A lot of stuff goes into my brain, some of it by choice. If I decided to watch, read, play, or do it, I'd like to talk about it here. I'm a musician, a sometime actor, a frequent player of electronic and table-top games, and a lapsed reader (though I'm getting better). I write long and awkward sentences, because the more things resemble Douglas Adams' writing, the more I want to live in the world. Thanks for reading.

Monday, January 03, 2011

World's Greatest Dad

Picked this one up at a 3-for-$10 at the Rogers' Video on the way to Eugene's New Year's Eve party, but to be honest I'd been trying to see it for a while.  Bobcat Goldthwait, whose comedy is a heck of a lot deeper and smarter than that high-strung Police Academy character I knew him as before (thanks, Meeplemart Steve, for showing me the way there), wrote and directed this movie as a sort of Robin Williams vehicle, and a sort of story about loneliness, isolation, and broken and reconstituted families.  I heard about it on Adam Carolla's Podcast last year ('09, actually, at this point), and it sounded dark and twisted enough to stand up to Bad Santa in my "Fiasco Comedy" shrine.

Well, like I say about so many movies, it's not quite as funny or sharp as Bad Santa.  That's not a huge strike against it, though; it's going for something a little bit different, though it's still morbidly fascinated with weird sexual obsessions and characters so unrepentantly loathsome that you worry how you'll be able to stand an hour and a half of them.

In this movie, though, the loathsome character is the kid, Kyle (played by Spy Kids' Daryl Sabara, who was charming and awesome in that, and is riveting and awful in this), and as most of the promotional material indicates, Kyle is more of a supporting character: it's Robin Williams' character Lance that is the focus of this film's proceedings.  Lance is Kyle's frustrated father, frustrated teacher, frustrated writer who just can't make it work, but tries like crazy not to take it out on people, though Kyle pushes him to his absolute limit.  Midway into the proceedings, Lance takes advantage of a horrible (if inevitable) tragedy to bolster his writing career, his teaching career, and his love life.
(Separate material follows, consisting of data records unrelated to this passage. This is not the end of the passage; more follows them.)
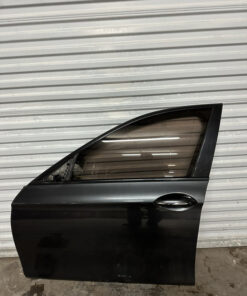 2011 BMW 550i F10 5 SERIES FRONT LEFT DOOR GRAPHITE METALLIC (A90)~MINOR DENT~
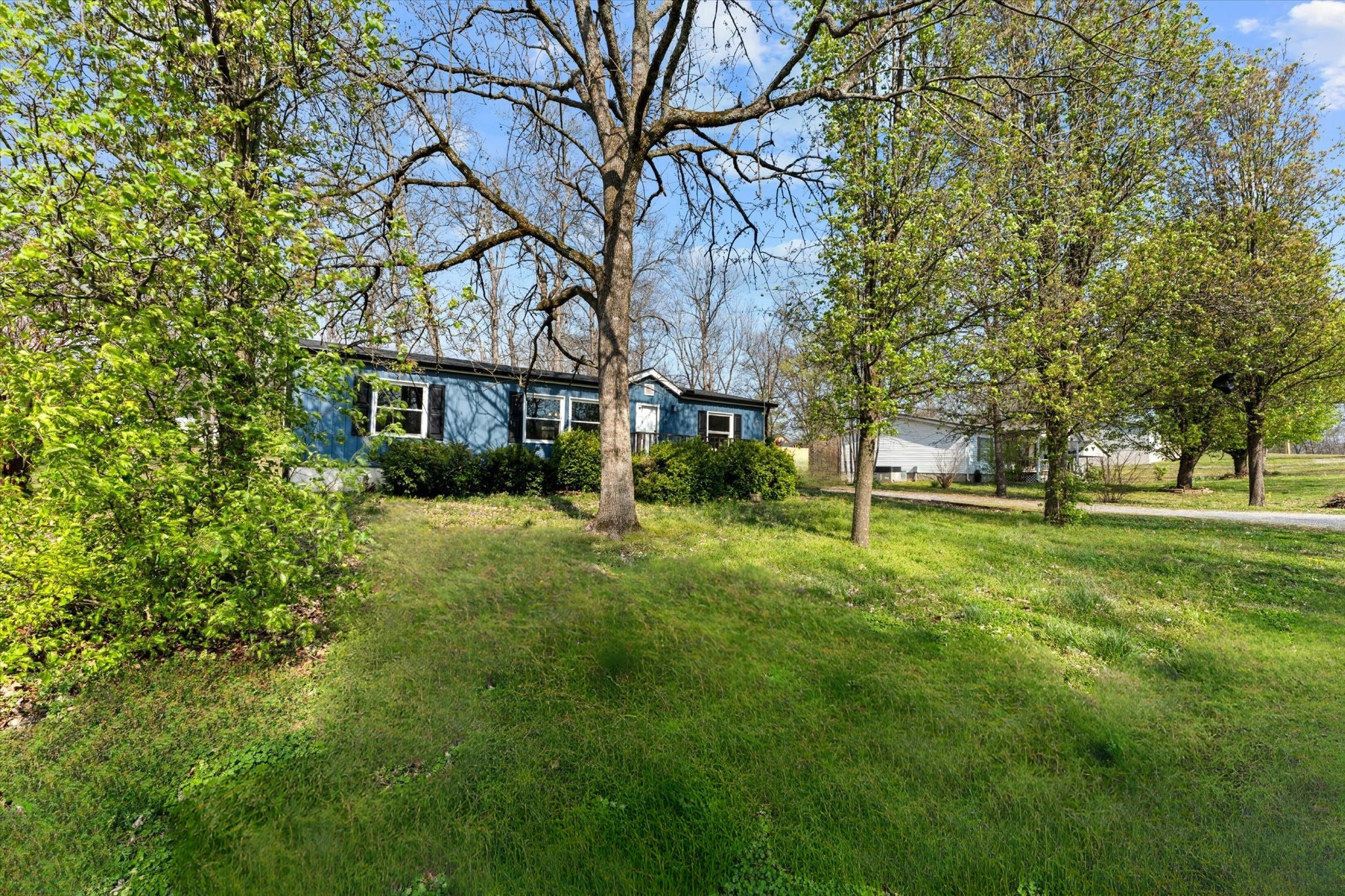 215 Wall Street Shelbyville TN 37160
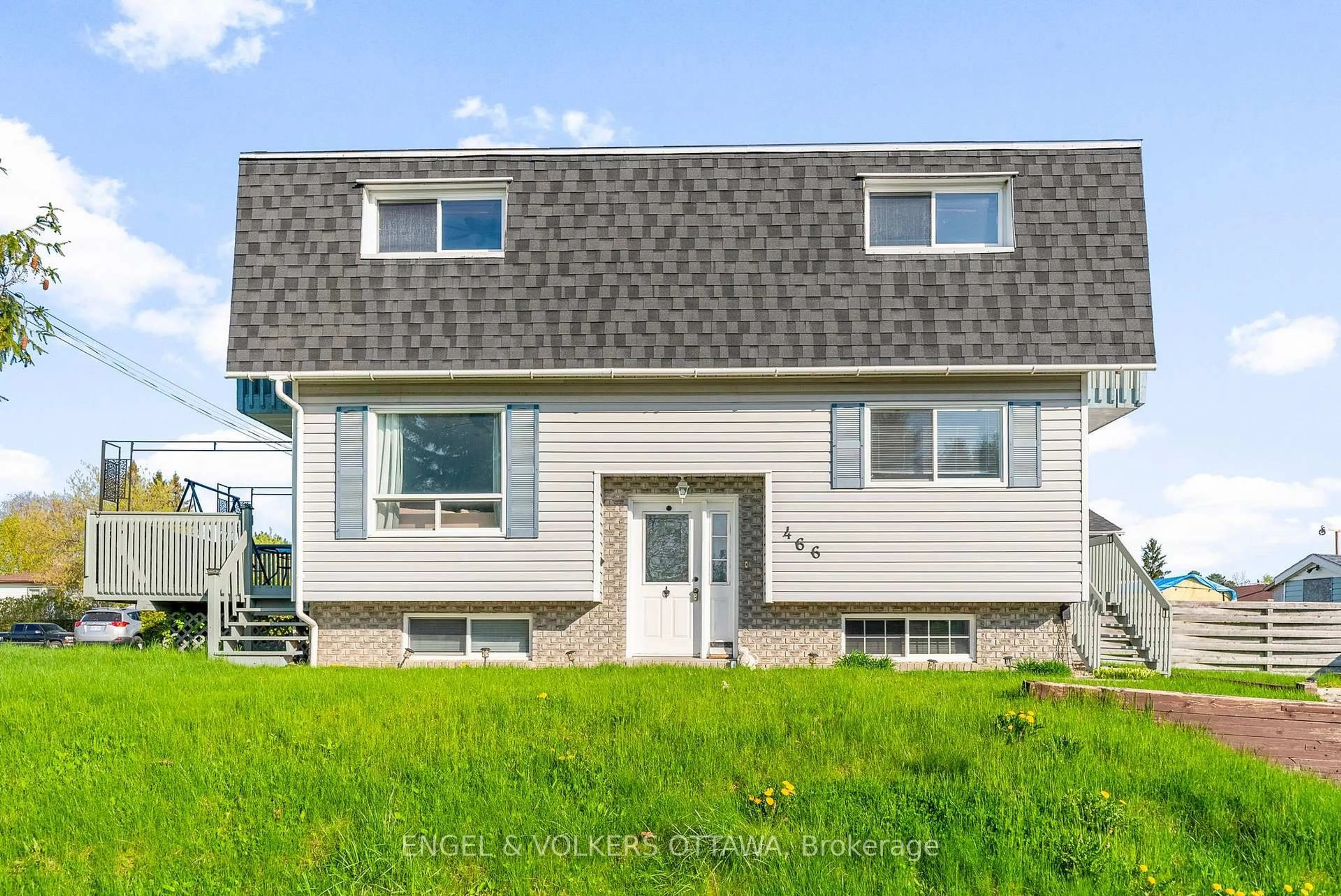 Home with vinyl exterior material, street for 466 Gourley Ave, Pembroke Ontario K8A 8J5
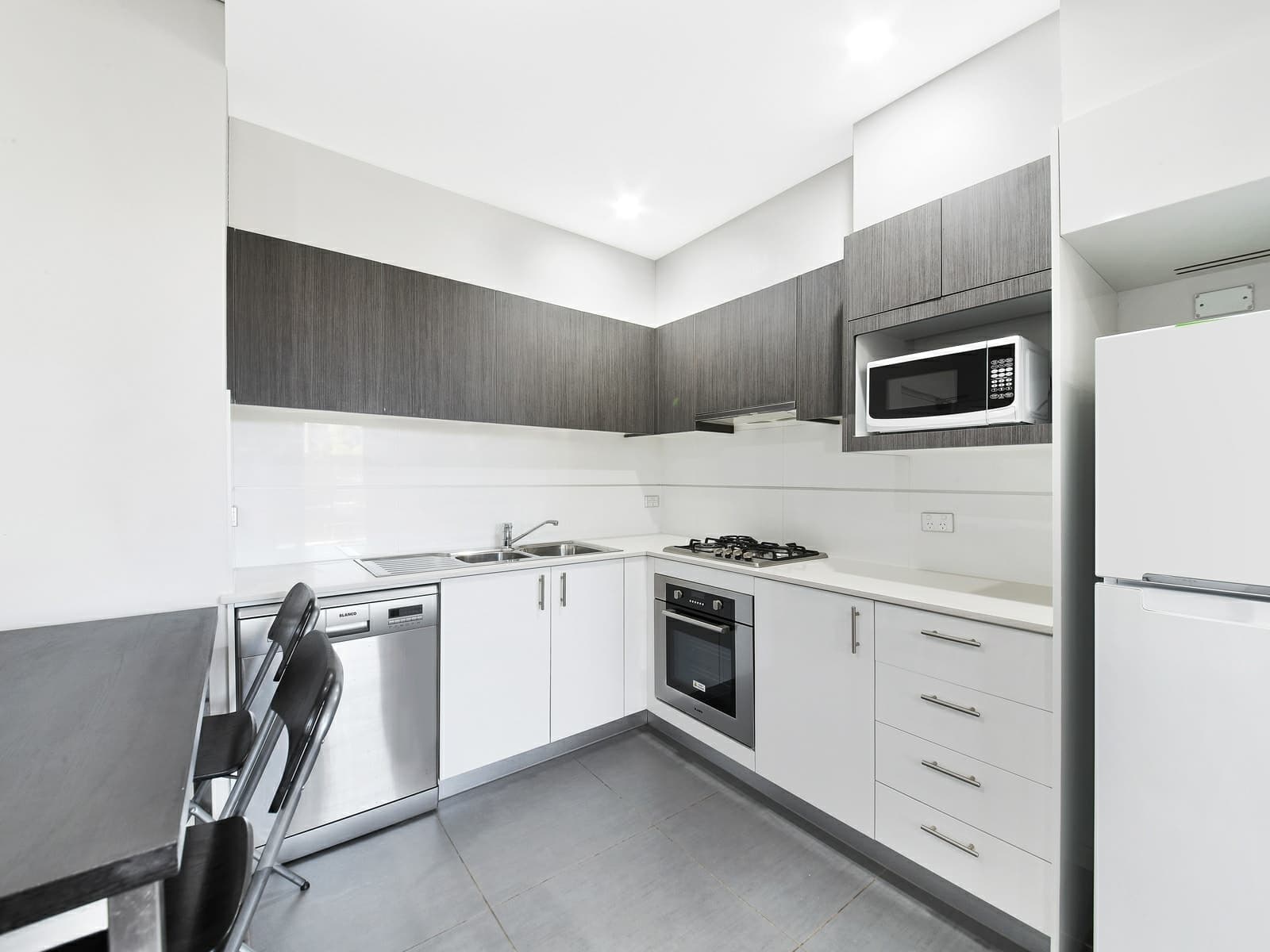 G01/42-44 Park Avenue, WAITARA, Waitara - Thumbnail 2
There's not a whole lot to say about the narrative, as it's generally a simple morality fable about being true to yourself and the people you love, or hate, but either way being honest.  There were a lot of "what does that expression mean?" moments from supporting characters -- the kind of awkward pause that can be a tremendous source of humour, but if not carefully managed can make you wonder exactly what a given expression means.  I point to shows like Lost or Arrested Development, or films like Iron Man, as examples of works that are carefully enough directed and edited to ensure that no glance, no expression and no pause by an actor is divergent to the story; that they all mean something, and by paying attention to them, we get a sense of what the character is thinking or what their goals are.

But World's Greatest Dad isn't a movie about characters' calculated ambitions; unlike Bad Santa this isn't a movie about well-intentioned schemes and scams that take people into dark and dangerous places.  This is a movie about messy people, their messy lives, and what can come to them if they're willing to be lying bastards and play into people's wishes and expectations.  The trick, of course, is that to do so is to be so contemptibly insincere as to make honest relationships completely impossible.  So there you have the movie's simple dilemma and its concept.
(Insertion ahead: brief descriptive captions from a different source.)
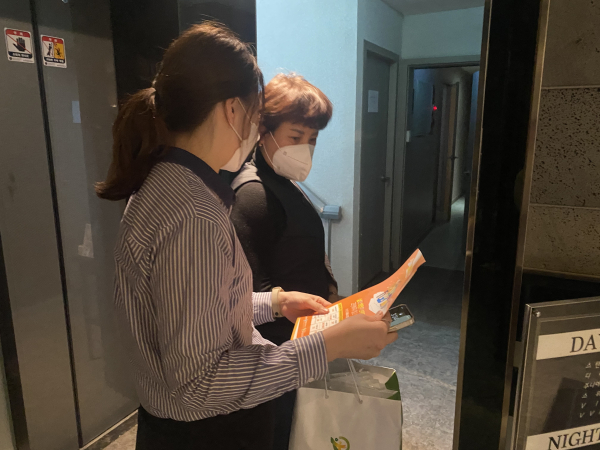 숙박업소를 찾아 자살예방 홍보물 게시를 요청하는 중구청 공무원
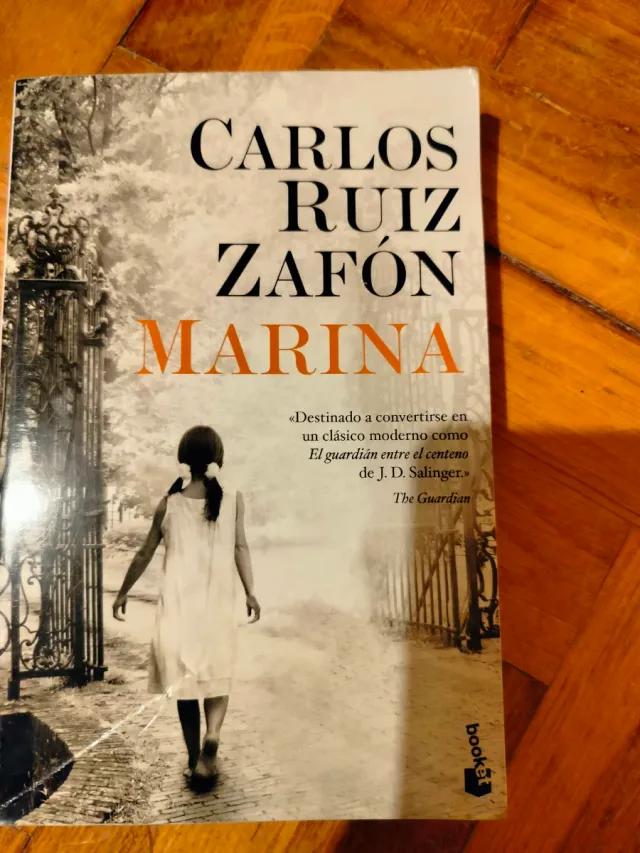 Marina (Spanish Edition)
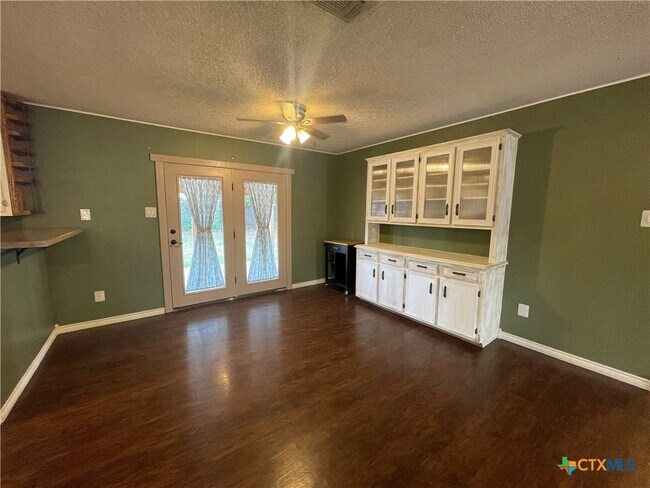 Building Photo - 1346 Carnation Ln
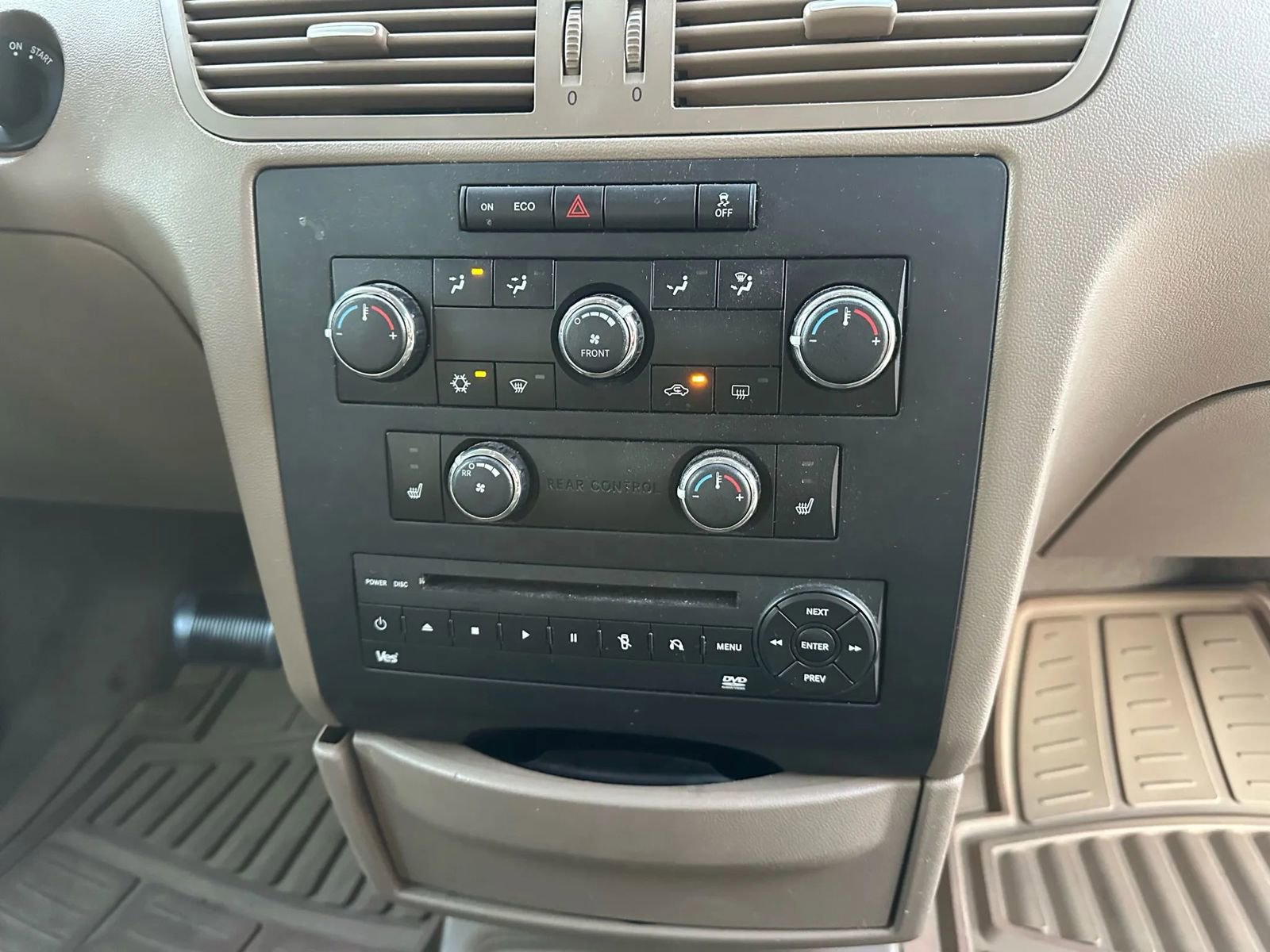 Used 2011 Volkswagen Routan SE image 25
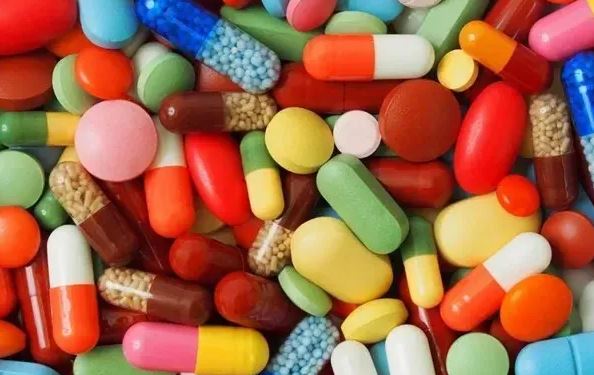 Người phụ nữ "phổi trắng xóa" vì tự ý làm điều này khi bị sốt - Ảnh 1.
It's not for everyone, but it's oddly sweet.  Robin Williams is a totally different kind of father from his character in Mrs. Doubtfire, and he's worth watching in this exercise in nebbishy ambition.  It's a bit hard to find -- never got a really wide release, not exactly filling the video shelves and oddly not on Canadian Netflix -- but I'm glad I dug it up.

1 comment:

Ilan said...

And just so I don't put it in the main article, as it's a bit of a spoiler, but there's a "literary fraud" angle to the movie which made me think of "Who is KK Downey?", a movie which features my very talented brother Etan and many of his Montreal Impro colleagues.